The paintings of the Isenheim Altarpiece are exceptional in style and expression. In contrast to the then current German and Netherlandish custom of dividing the surface of altarpieces into separate panels, Grünewald composed large images, filling the entire area of the closed wings, as in the Crucifixion and the Angel Concert and Nativity. He reached a stage in his development similar to Italian artists in his ability to correctly represent three-dimensional objects rendered in perspective. But he wholly disregarded Italian ideals of harmony and beauty, which Dürer accepted and sought to introduce into German art.
For Grünewald, ugliness and deformity were fully justified artistic means to achieve his end:to move the spectator by the dramatic expressionism of the work. His main artistic preoccupation was not so much drawing as color. In contrast to almost all his German contemporaries, Grünewald had no interest in the graphic arts. He was not a linear-minded artist but first of all a painter. His importance as an innovator lies above all in his masterly, free, and individual use of color, with which he achieved not decorative but expressive effects. Of all his known drawings, only one is done in pen and ink; all the others are painterly drawings which the artist executed in soft chalk.
The only really outstanding picture executed by Grünewald outside of the Isenheim Altarpiece is the Meeting of Saints Erasmus and Maurice (now in Munich), which is equally individual in concept. Here he shows his mastery in contrasting various kinds of materials:the glittering apparel of Bishop Erasmus and the light-reflecting armor of the black saintly knight.

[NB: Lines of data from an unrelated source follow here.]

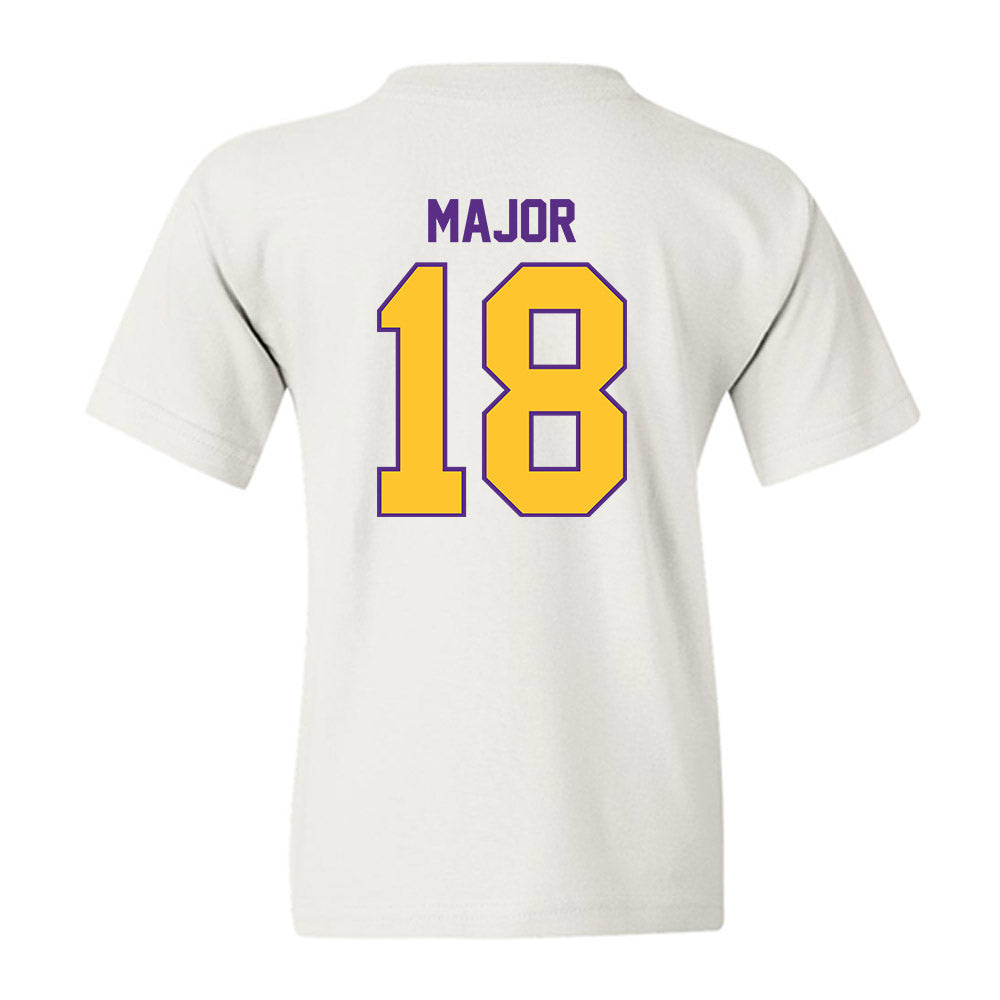 LSU - NCAA Women's Soccer : Kelsey Major - Sports Shersey Youth T-Shirt-1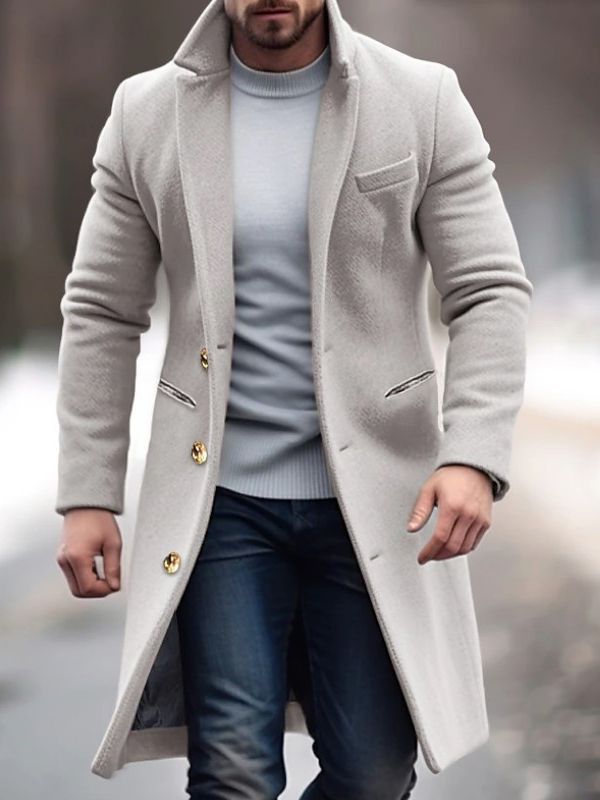 Charles® | Long classic coat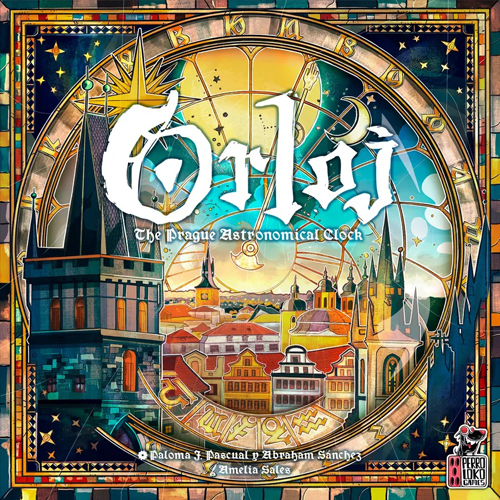DMGDEVBGORLJ Orloj Board Game (Damaged) published by Devir Games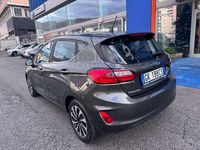 Usata Ford Fiesta Titanium 75 CV (55 kW) 2022 Grigio Berlina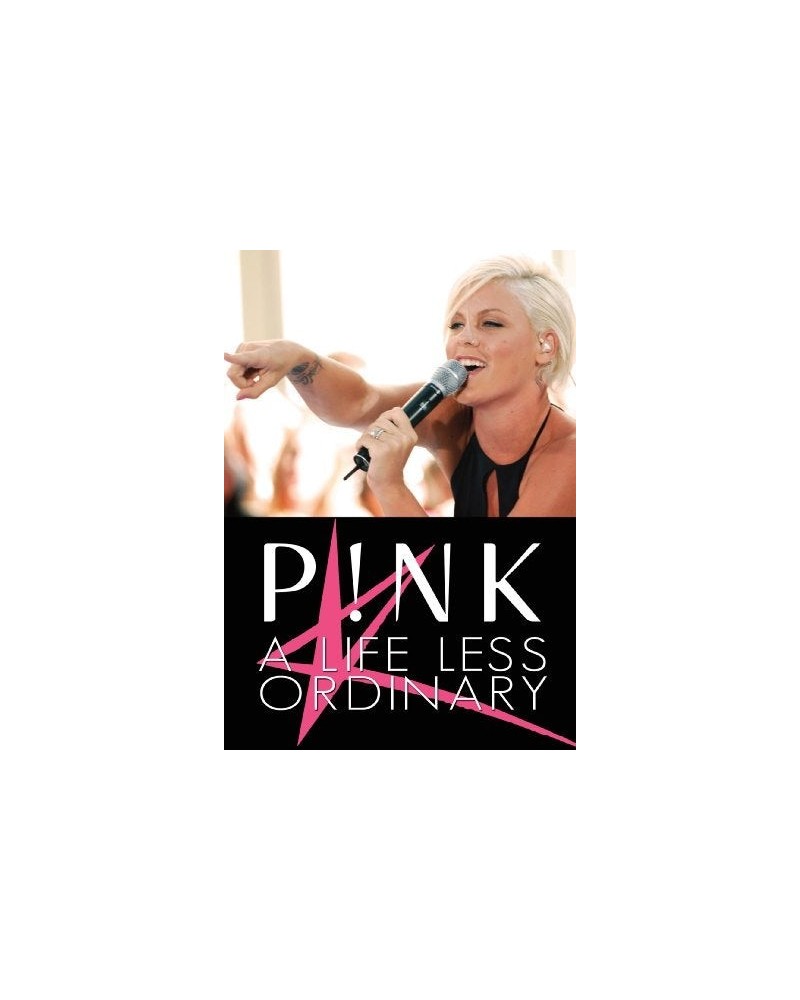 P!nk LIFE LESS ORDINARY UNAUTHORIZED DVD $14.39 Videos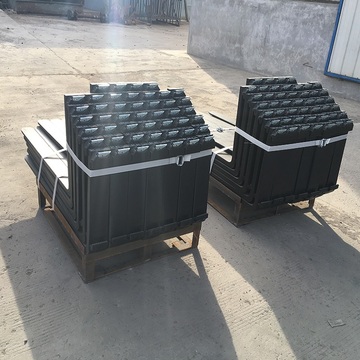 Material handling equipment parts pallet forks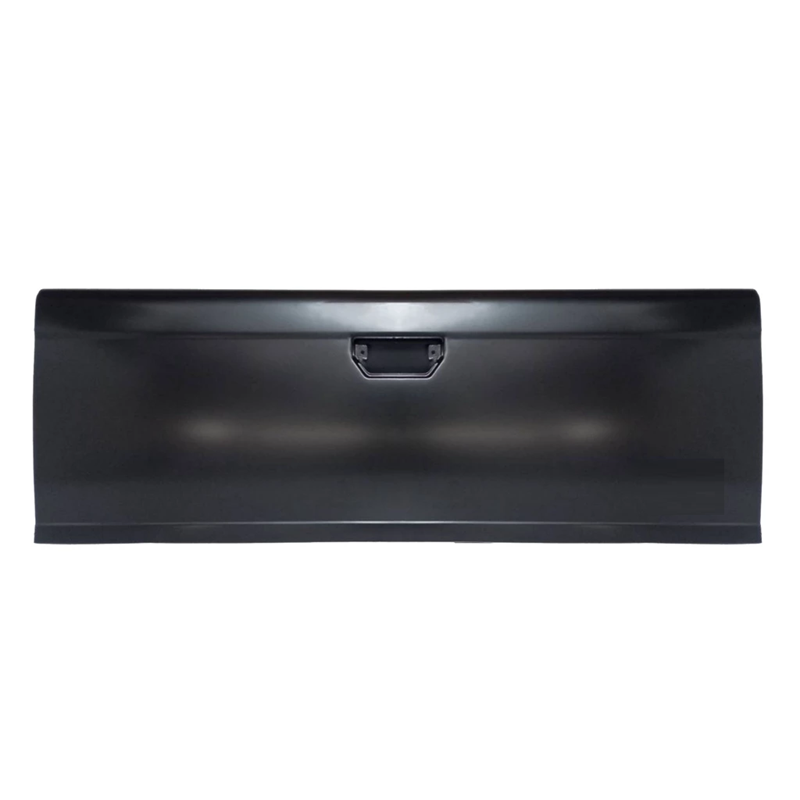 ฝาท้าย NISSAN FRONTIER(ฟอนเทียร) รุ่นเปิดกลาง เหล็กดำ(หนาเทียบแท้) ปี1998-2006 (รหัส:BIGM2000) -เลือกรูปแบบ-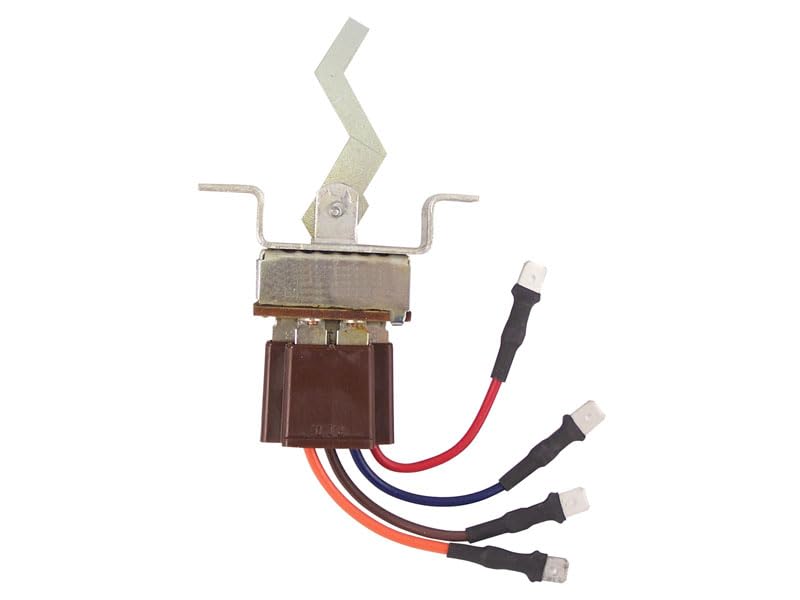 Replacement Blower Switch Fits 1958-62 Chevrolet Full Size Models All w/Heat and A/C #24-0558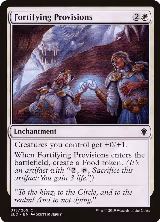 Fortifying Provisions (13) — card price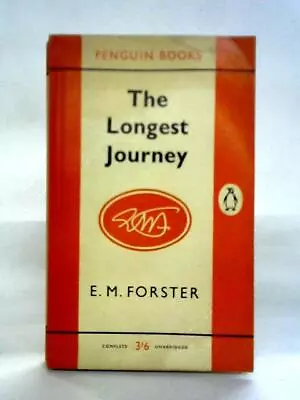 The Longest Journey (E M Forster - 1960) (ID:47035) • £9.98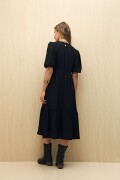 VESTIDO FARROW Negro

Grünewald was a unique artist. Guido Schoenberger (1948) states:"He never had a school, he never had a real pupil; it even seems that he never had an assistant." Outside of his immediate vicinity, in the Mainz region and the Middle and Upper Rhine, he had no influence whatsoever and his name was soon forgotten. Early in the 20th century the expressionists rediscovered his work; they were able to accept an art not intent upon esthetic beauty, and they valued his mysticism. Not only the expressionist painters were inspired by his work:the opera Mathis der Maler (1934) by Paul Hindemith deals with Grünewald's life, and he also wrote a symphony from three extracts of the opera whose movements have descriptive titles from the Isenheim Altarpiece.
Further Reading on Matthias Grünewald
The most dependable book in English on Grünewald is Nikolaus Pevsner and Michael Meier, Grünewald (1958). Arthur Burkhard, Matthias Grünewald:Personality and Accomplishment (1936), is a good monograph, but it was published before the definitive book by W. K. Zülch (in German) appeared in 1938. A very fine and useful catalog of Grünewald's drawings is Guido Schoenberger, ed., The Drawings of Mathis Gothart Nithart, called Grünewald (1948). Charles D. Cuttler, Northern Painting (1968), devotes a chapter to Grünewald and discusses the Isenheim Altarpiece in detail. For background material see Otto Benesch, The Art of the Renaissance in Northern Europe (1945; rev. ed. 1965).